GOAL OF THE EXERCISE:
Restate, in full and unchanged, the entries that follow, but not their pictures.

SUPPLIED DATA:

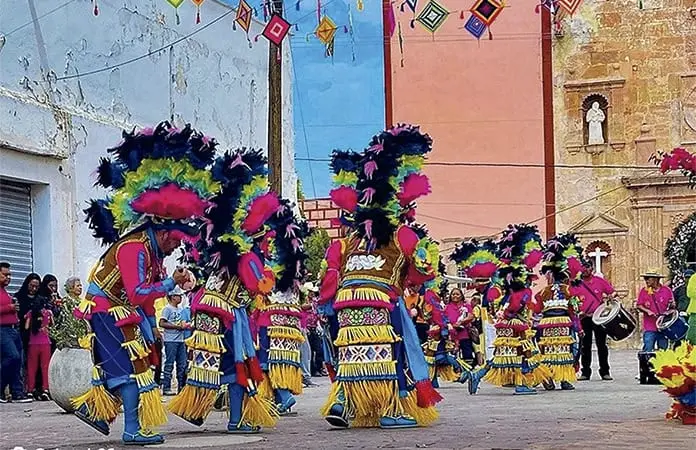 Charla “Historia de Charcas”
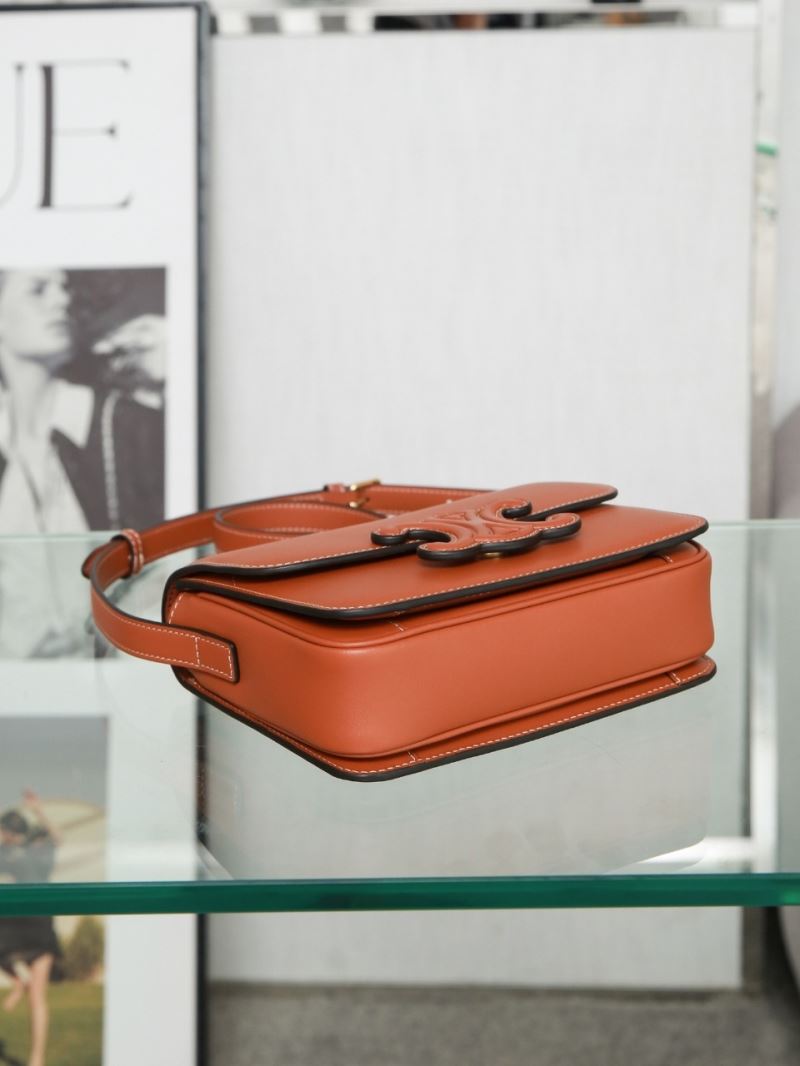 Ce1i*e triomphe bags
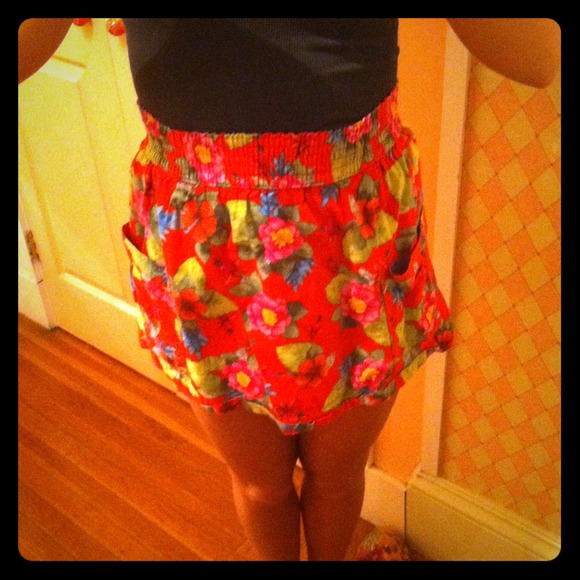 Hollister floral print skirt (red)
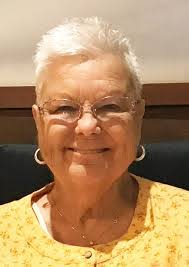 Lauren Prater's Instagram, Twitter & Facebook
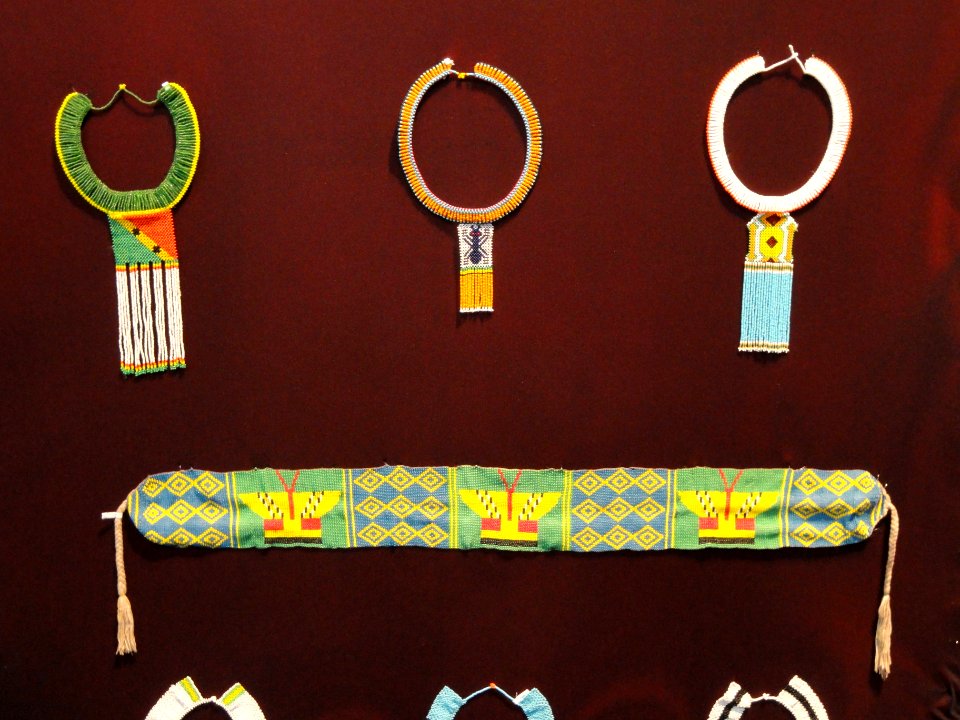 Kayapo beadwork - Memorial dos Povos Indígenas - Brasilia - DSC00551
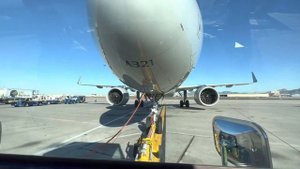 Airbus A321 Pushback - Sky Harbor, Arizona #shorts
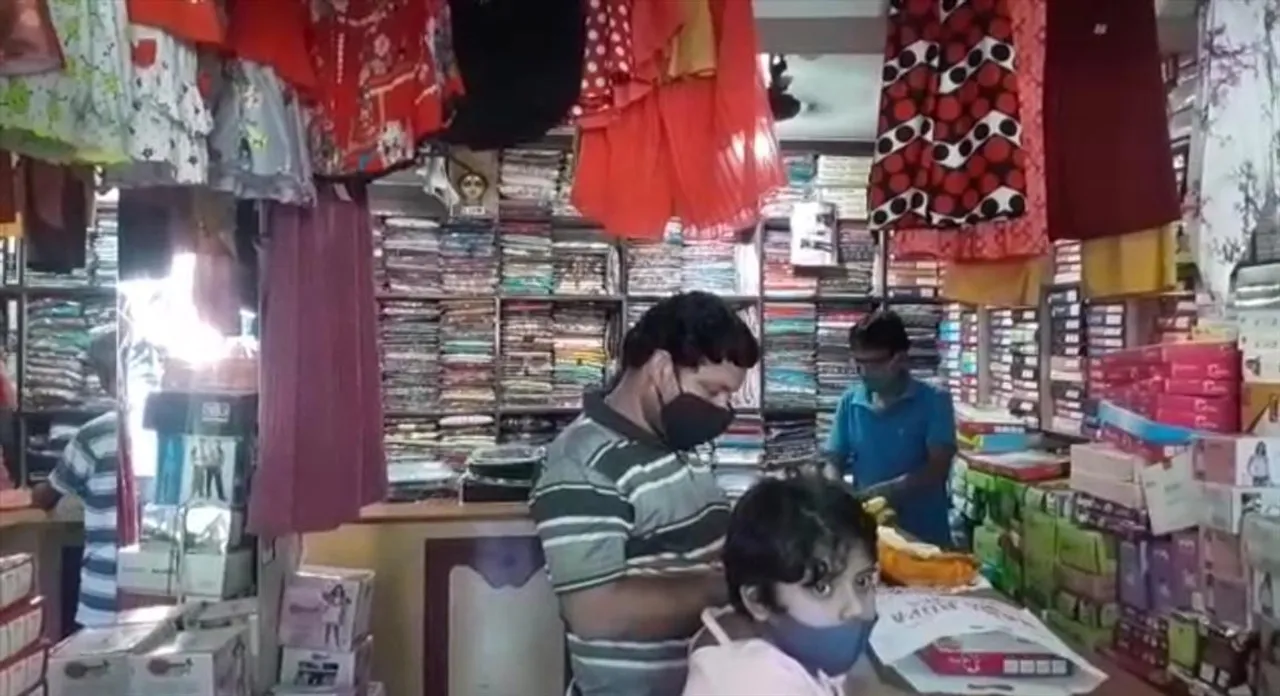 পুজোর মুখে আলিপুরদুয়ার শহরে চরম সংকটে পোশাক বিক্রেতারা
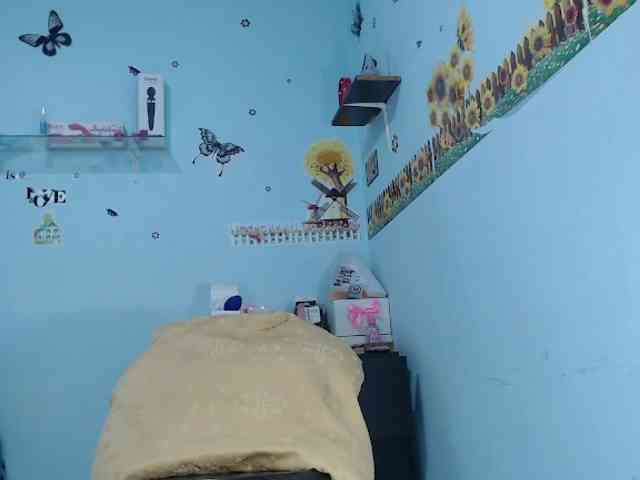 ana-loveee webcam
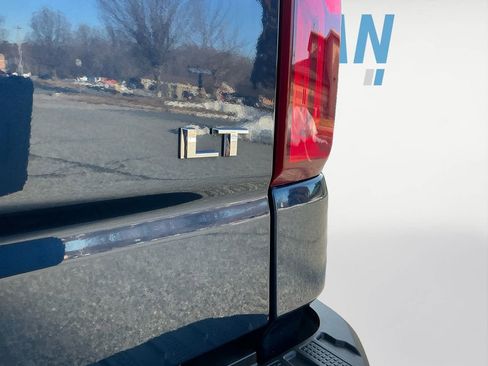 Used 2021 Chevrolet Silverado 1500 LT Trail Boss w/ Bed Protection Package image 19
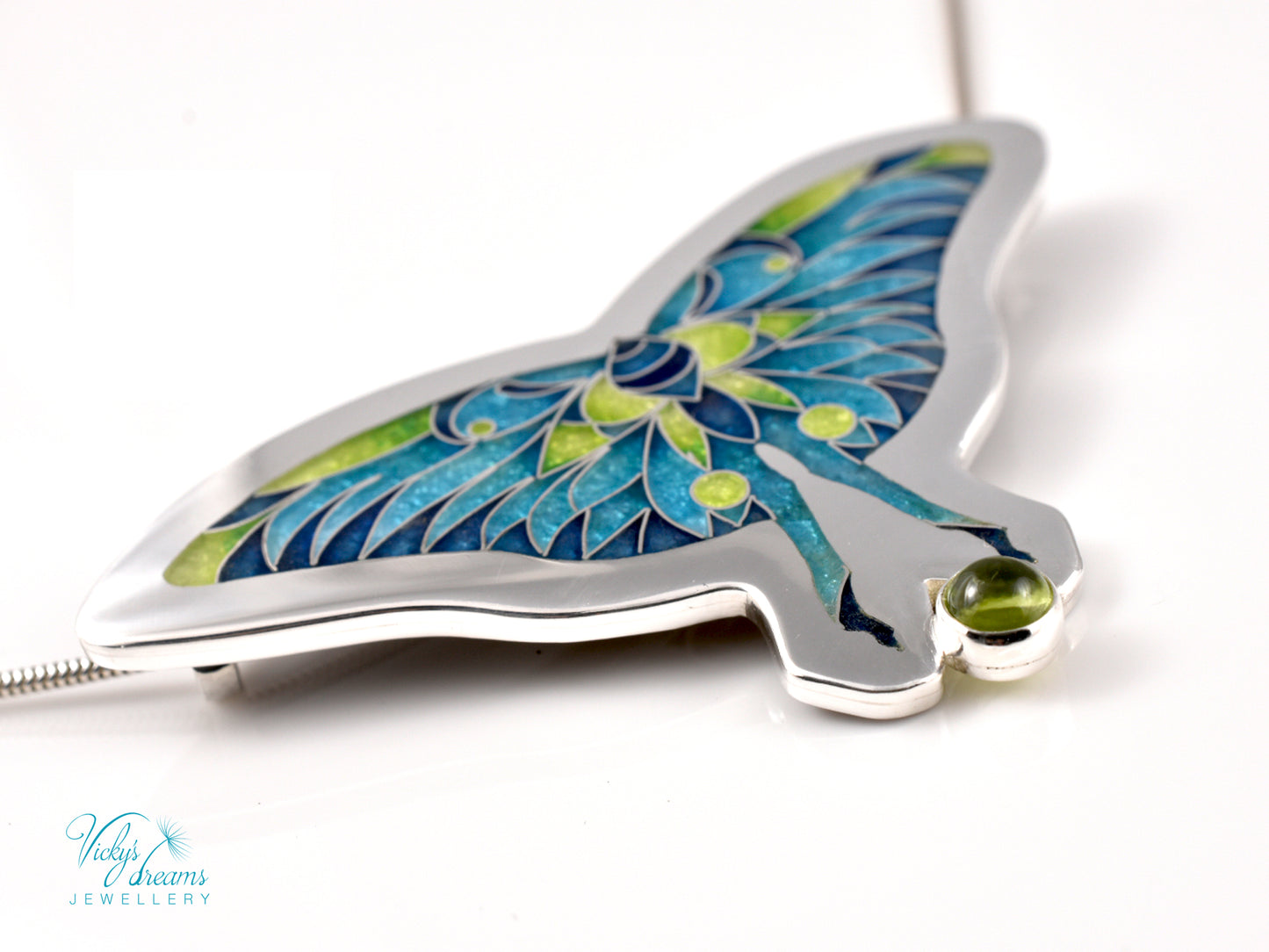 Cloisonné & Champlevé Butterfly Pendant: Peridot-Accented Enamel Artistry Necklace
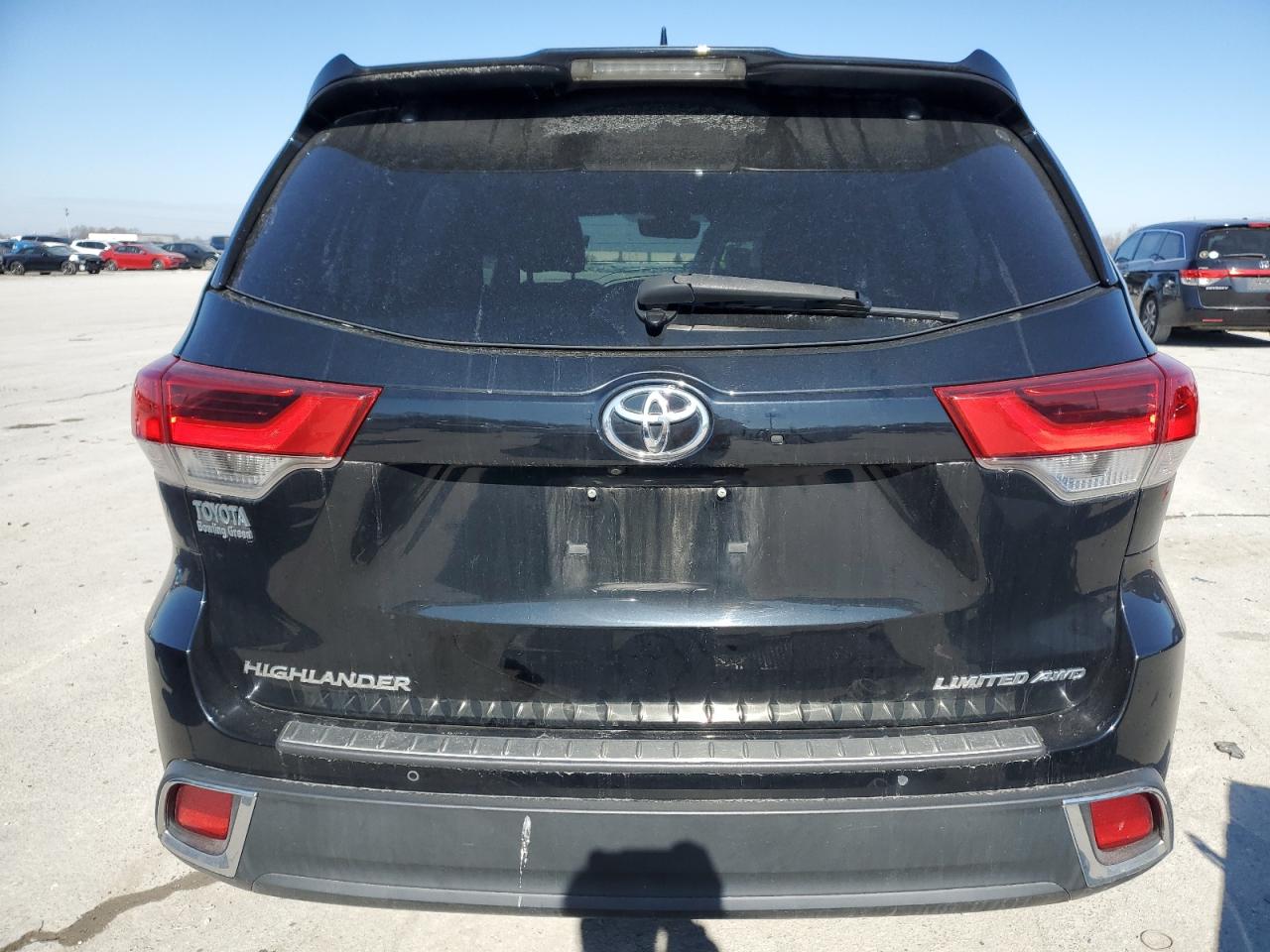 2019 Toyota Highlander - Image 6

EXERCISE ANSWER:
 Charla “Historia de Charcas”
 Ce1i*e triomphe bags
 Hollister floral print skirt (red)
 Lauren Prater's Instagram, Twitter & Facebook
 Kayapo beadwork - Memorial dos Povos Indígenas - Brasilia - DSC00551
 Airbus A321 Pushback - Sky Harbor, Arizona #shorts
 পুজোর মুখে আলিপুরদুয়ার শহরে চরম সংকটে পোশাক বিক্রেতারা
 ana-loveee webcam
 Used 2021 Chevrolet Silverado 1500 LT Trail Boss w/ Bed Protection Package image 19
 Cloisonné & Champlevé Butterfly Pendant: Peridot-Accented Enamel Artistry Necklace
 2019 Toyota Highlander - Image 6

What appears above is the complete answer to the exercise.